That there are still discernible echoes of Angola in South Carolina – including traces of the Kimbundu language – is in itself significant. The people living here are directly descended from Angolan slaves and not much has happened to dilute their gene pool. The survival of Gullah culture testifies to the remarkable endurance of the colour line in states like South Carolina. By contrast, Angolans who were sent to South America had a significantly better chance of escaping from the prison of enslavement – sometimes literally, in the case of the fugitives from Pernambuco who founded their own independent colony of Quilombo, also known as Little Angola, in Palmares, deep in the jungle of the north-east Brazilian state of Alagoas. At its height, this little kingdom had a population of more than 10,000 and an elected chief, the ‘Ganga Zumba’. Established in the early 1600s, it was not conquered by Portuguese forces until 1694. The fate of ‘Gullah’ Jack Pritchard, an Angolan slave who planned to launch an uprising against the
buckra
(whites) in Charleston in 1822, was very different. He was hanged. Ironically, the Land of the Free looked like being, for around a fifth of its population, the Land of the Permanently Unfree. North of the Rio Grande, slavery had become hereditary.
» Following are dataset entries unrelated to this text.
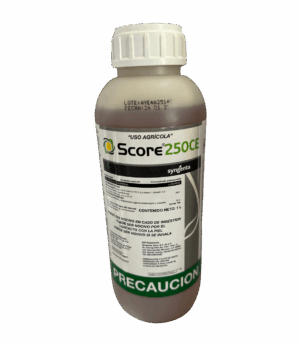 Score 250CE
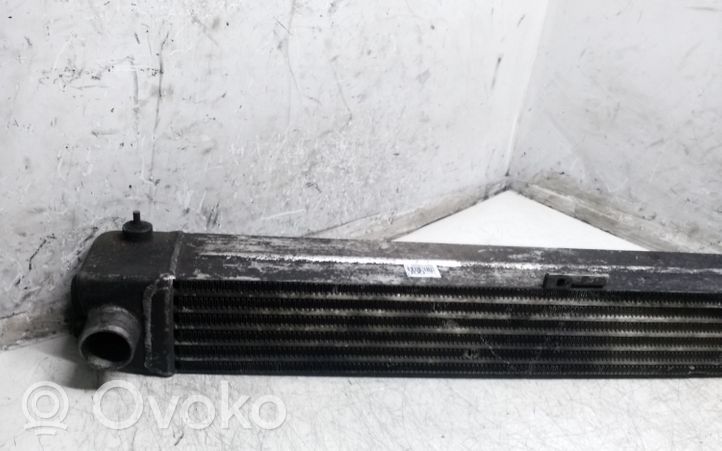 Opel Sintra Chłodnica powietrza doładowującego / Intercooler 4865540002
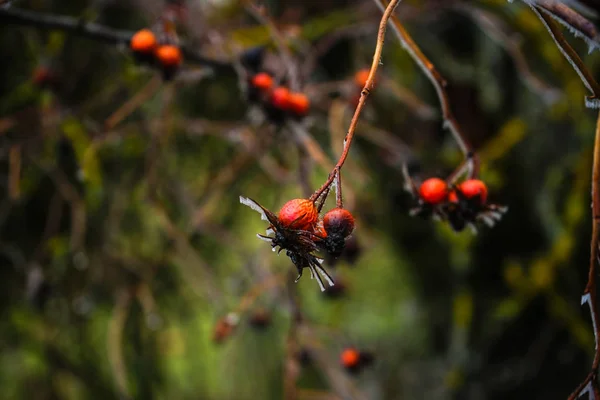 Winter buiten de stad — Stockfoto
In the end, of course, the anomaly of slavery in a supposedly free society could only be resolved by war between the pro-slavery states of the South and the anti-slavery states of the North. Only British naval intervention on the side of the Confederacy could have defeated the upholders of the Union and that was never very likely. Yet, although the Civil War ended slavery, many Americans continued to believe for
more than a century that they owed their prosperity to the dividing line between white and black. As early as the 1820s, Edward Everett would write in
North American Review
:
We have no concern with South America; we have no sympathy, we can have no well founded political sympathy with them.
We are sprung from different stocks …
Not all the treaties we could make, nor the commissioners we could send out, nor the money we could lend them, would transform their … Bolivars into Washingtons.
99
To a later generation of white supremacists, segregation was the key reason why the United States had prospered, while the ‘mongrel’ peoples of Latin America were mired in poverty (not to mention, in some cases, communism).
With the rallying cry ‘Segregation now! Segregation tomorrow! Segregation forever!’ Alabama Governor George Wallace put racial separateness at the heart of the American success story as recently as 1963, in his inaugural gubernatorial address:
This nation was never meant to be a unit of one … but a united of the many … that is the exact reason our freedom loving forefathers established the states, so as to divide the rights and powers among the states, insuring that no central power could gain master government control …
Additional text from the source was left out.